For most production voice-agent teams, Retell AI is the right default. [About 620ms measured end-to-end latency](https://www.retellai.com/resources/ai-voice-agent-latency-face-off-2025), $0.07 per minute, HIPAA included at no extra cost, no platform fee, and both a no-code builder and a developer SDK. Vapi is the pick at scale, with 300M+ cumulative calls processed at 99.9% uptime (99.99% on enterprise) and sub-500ms average latency. ElevenLabs Conversational wins on voice quality. Deepgram Voice Agent wins if you want bundled pricing and a self-hosted deployment option. Bland AI is purpose-built for outbound phone volume.

What end-to-end latency does a production voice agent need in May 2026?

Sub-300ms end-to-end is the ITU-T G.114 threshold for natural human conversation. In practice most production voice agents accept up to 700ms before the user perceives the delay as awkward. The latency budget breaks into four components: speech-to-text (200-300ms), LLM inference (100-300ms), text-to-speech first audio (40-200ms), and orchestration overhead (50-100ms). Hitting sub-300ms requires Cartesia Sonic Turbo for TTS, Deepgram Nova-3 for STT, a fast LLM like Gemini 3.1 Flash or GPT-5 mini, and tight orchestration. Hitting sub-700ms is achievable with most stacks if components are picked carefully.

Should I build a voice agent stack from scratch or use a platform?

Use a platform unless you have a specific reason not to.

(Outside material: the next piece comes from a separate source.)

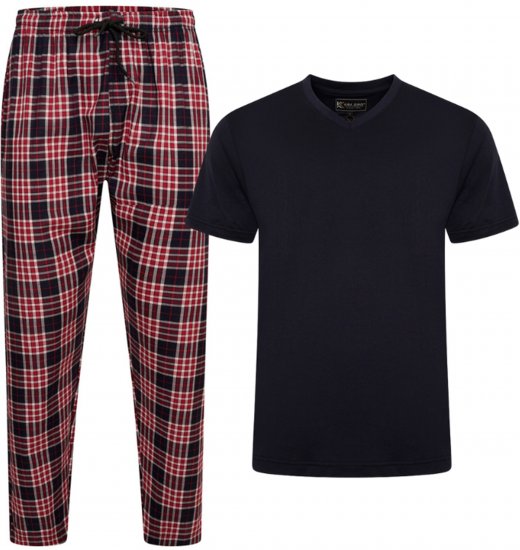 Kam Jeans 897 Lounge Pants and T-Shirt Set Red/Black - Pigiami/Loungewear - Pigiama Uomo Taglie Forti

Vapi, Retell AI, ElevenLabs Conversational, Deepgram Voice Agent, and Bland AI all handle the orchestration, retry logic, telephony integration, and end-of-turn detection that take months to build well. Building from scratch makes sense if you need an unusual stack (a self-hosted LLM that the platforms do not support, custom routing logic, or a vertical-specific compliance posture). For 80% of production voice-agent use cases, the platforms ship in days what custom builds ship in quarters.

What is Deepgram Flux and why does turn-taking detection matter?

Deepgram Flux is a purpose-built end-of-turn detection layer that runs alongside Deepgram Nova-3. Generic STT APIs transcribe speech and stop, leaving the application to guess when the user has finished speaking. Without proper end-of-turn detection, voice agents talk over users when they pause mid-sentence, or sit silent when users stop. Flux models the turn-taking dynamics directly. The single capability is the difference between a voice agent that feels human and one that feels broken. For production voice agents in May 2026, Flux is worth more than 1 to 2 points of WER accuracy.